# diawa Sol 3000?



## reeltrouble (Oct 3, 2007)

stradic 3000 vs. diawa Sol 3000? need some help


----------



## JOHNJOHN205 (Oct 2, 2007)

SHIMANO STRADIC IS WHAT I PREFER.


----------



## fisheye48 (Sep 28, 2007)

i own several stradic 2500's and like them but have used a SOL cant remember what size but its a fine reel! either way your wont be disapointed


----------



## reeltrouble (Oct 3, 2007)

i have several stradics i like them i was wondering if anyone has used the new diawa orif they have had any problems yet? i never even held one so i don't have a clue if it is as good as the price says it is????


----------



## mack_attack2 (Nov 24, 2007)

out of the two i would go with the diawa but i would suggest a penn affinity or slammer


----------



## jack 'em (Oct 5, 2007)

> *mack_attack2 (12/13/2007)*out of the two i would go with the diawa but i would suggest a penn affinity or slammer


I have heard of the affinity but have never used one....are they good reels? as good as the stradic? how much do they cost???


----------



## mack_attack2 (Nov 24, 2007)

They are awesum reels and yes they are better than the stradics............by a long shot, they cost anywhere from 120-130$


----------



## fisheye48 (Sep 28, 2007)

if your in outcast go talk to james fink...he has the smaller one and could tell you the pros and cons about it


----------



## Cubs Fan (Oct 17, 2007)

Dont Waste your money! Buy a SPHEROS 3000 . Its the best reel you can buy for 79.00 Remember why they make the exspensive reels? THERE MAKING LOTS OF MONEY ON YOUR EGO. WAKE UP!


----------



## wdcraver (Oct 4, 2007)

STRADIC all the way. I am on my third. The other two still work like new for my buddies. Can't beat the price either. I have the 4000. I have caught tons of snook and reds on it. I have also caught bonefish, sharks, group and more!


----------



## Cubs Fan (Oct 17, 2007)

Why are you on your third if they are so good? I traded a spheros 3000 for a fly rod. then I bought a Stradic2500 . I wish I had bought a Spheros. Stradics are not worth the money.Maybe 159.00 is not a lot of money to you Guys.

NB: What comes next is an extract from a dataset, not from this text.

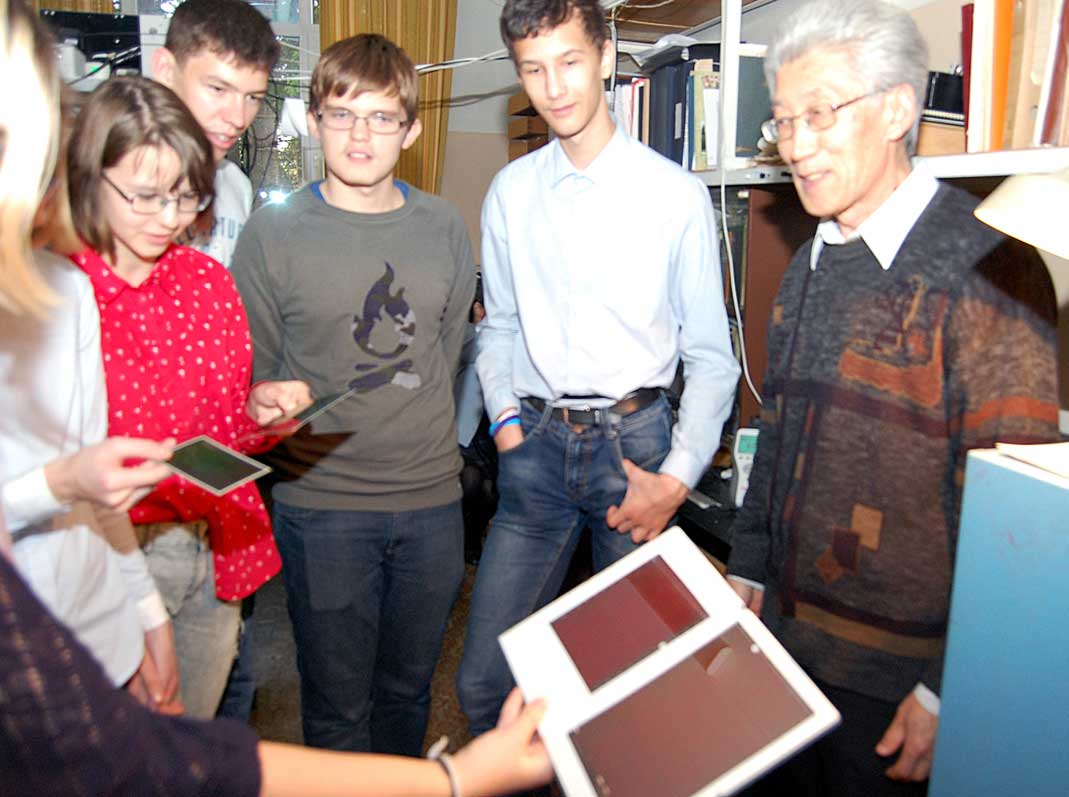 Экскурсия в ИАиЭ СО РАН, лаборатория оптических информационных систем Экскурсия в ИАиЭ СО РАН, лаборатория оптических информационных систем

But it is to me. I know quality . I enjoy using quality fishing equipment. I think the Spheros is a fine reel . I have caught countless fish on my 4000. I accidently dipped my Stradic in the water,Accually it fell off my dock and I didnt realize it until the next day when a friend fished it up. The 150.00 rod was fine, but the reel hasnt been the same since . I took to a reel repair and cleaned it myself as well. It drags just enough irritate me. FOR SALE: Stradic 2500 slightly used : $50.00


----------



## mack_attack2 (Nov 24, 2007)

everything about shimano sucks except for their smoothness which the penn affinity is just as smooth as any shimano out there, shimanos' drag sucks, the gears are not tough at all and the outside finish is crap

Boooooooo........... shimano:withstupid


----------



## chasin-tail (Oct 8, 2007)

Chad and I used Stradic Mg 2500 all year long for the FLW tour. They have a better drag system than the Sustain 2500 we were using. We caught 32+" Redfish and 20lb Jacks on 10lb Power Pro andNEVER had a problem. 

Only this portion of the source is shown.